No, not really. Obviously. Never. It’s just that some of you will remember the post I put in entitled, ‘Tom is such a hero...’ and this, relating back to that piece, is where I show how even then, actually, I wasn’t doing too bad a job either…
You see, that tribute to my gallant son, was all about a power-cut. And how he trudged home one night shortly after it, laden down with one Army Survival Kit (and a few other things for Lucy) that his poor I-can’t-cope-with-freezing cold-no coffee-first-thing (or from him: “neurotic”) mother ordered after vowing never to go through that hell again.
And hell, to me, would be cold. (Most of you know, I’m sure, that the body thermostat of an MSer is completely defunct. Which means that we’re all either suffering from too much heat [often manufactured by and only inside our own bodies] or shivering from a cold no one else necessarily feels. It follows, of course, that any real extreme in climatic temperature causes us much discomfort and, often, downright embarrassment.)
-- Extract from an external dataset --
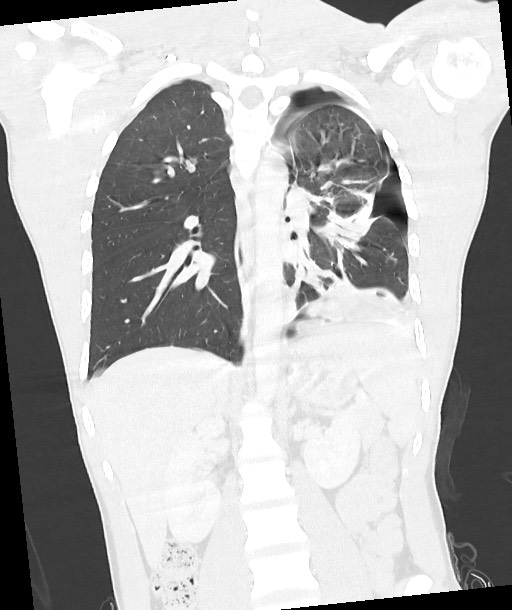 Arrow injury to the chest (Radiopaedia 85367-100975 Coronal lung window 86).jpg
Hot and dry for me is best (I felt light as air in Italy when Tom and I were there a few summers ago). Cold and damp is, life-threateningly (Candida Albicans – see MS – My Scene [Oct. 07]) worst.
Anyway, as I explained in ‘Tom is…’ I got rid of the gas supply in this place years ago (various reasons – not least, the disruption and stress caused by the [don’t be libellous!] council gas maintenance operatives.!) and ever since have kept warm and dry with, all-electric, heaters, a de-humidifier, air-purifier and fan (the last for when there’s too much heat obviously, i.e. July!). Very expensive. Not good in that I’m abetting the depletion of the earth’s natural resources. But, I’m afraid, for me – at this stage in the MS where I can hardly move/exercise – vital. A power-cut (especially that last one, in the month of January, starting before dawn and lasting eight hours), without Tom being an absolute hero, could well have killed me (please everyone keep an eye on your elderly/infirm relatives and neighours – at all times).
So - never getting over it - I thought, I did my research (Google!) and I (?!) came up with: the afore-mentioned, life-saving, Army Survival Kit (gas-cartridge heater, cooker and lamp - even ‘recommended’ for use in power-cuts!). Bellisimo! I felt relatively (as long as I could work it!) safe and self-sufficient. No more to be afraid of the dreaded black-out/blood-freeze of eratic modernity.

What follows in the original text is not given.